Why was Wesley Crusher so loathed and despised? You could scroll through the hundreds and hundreds of threads (and thousands and thousands of posts) on alt.ensign.wesley.die.die.die for an answer. You could check out the gobsmacking amount of visual memes online expressing anything from dislike to outright hatred of the character.
Or you could ask Wil Wheaton, the former child star turned author, blogger and advocate, an actor now known and loved mostly just for being himself, rather than for someone he’s not. He’s of the opinion - and he’s not wrong - that the writing was to blame: that Star Trek: The Next Generation writers and producers simply didn’t know what to do with his character once he’d been introduced, and didn’t understand how to make Wesley relatable to fans of the show.

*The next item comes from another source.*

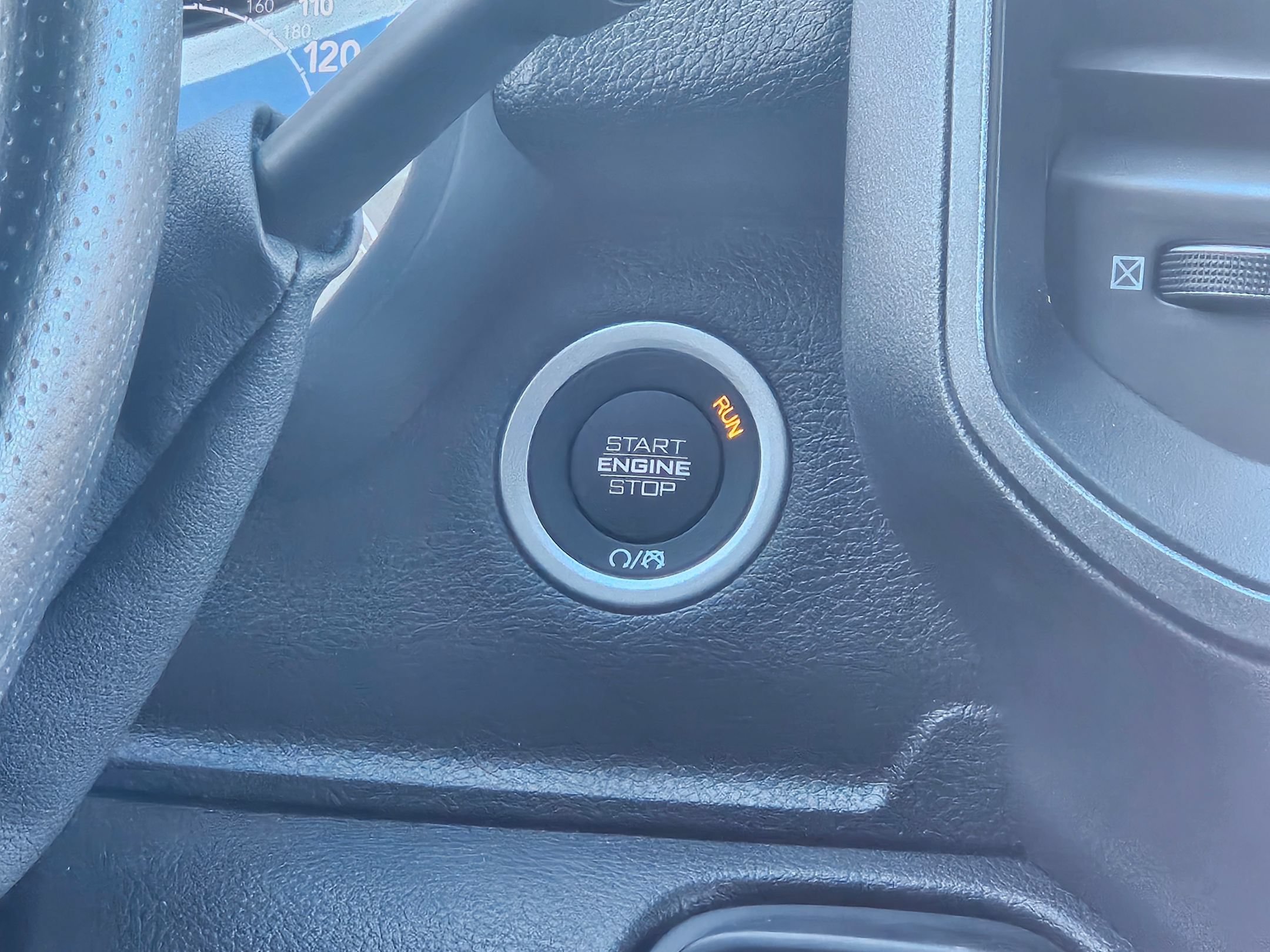 2026 RAM 2500 Tradesman - Photo 12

No, Wheaton wasn’t the greatest actor of all time back then - but he was a teenager, and to be fair to him, those early scripts were bobbins: for the most part, ST:TNG didn’t become the show we all remember until the third season, by which point young Wesley’s fate was sealed.
It’s a real shame - the vehemence of the loudest of those haters was so expressive, so explicit, that it affected Wheaton quite deeply. They screeched in Usenet newsgroups - the social media of the day, but for geeks only - about how insufferable Crusher was, how often he’d saved the Enterprise through some bullsh*t deus ex machina, how his smugness made them want to slap him, punch him, choke him to death - you know the drill, you’ve seen it on Twitter a thousand times since then.
Wheaton’s promising acting career never recovered from Star Trek: The Next Generation… but he had the last laugh on all those proto-trolls back in the day. After all, it can’t be so bad - being known and loved mostly for being yourself, rather than someone you’re not.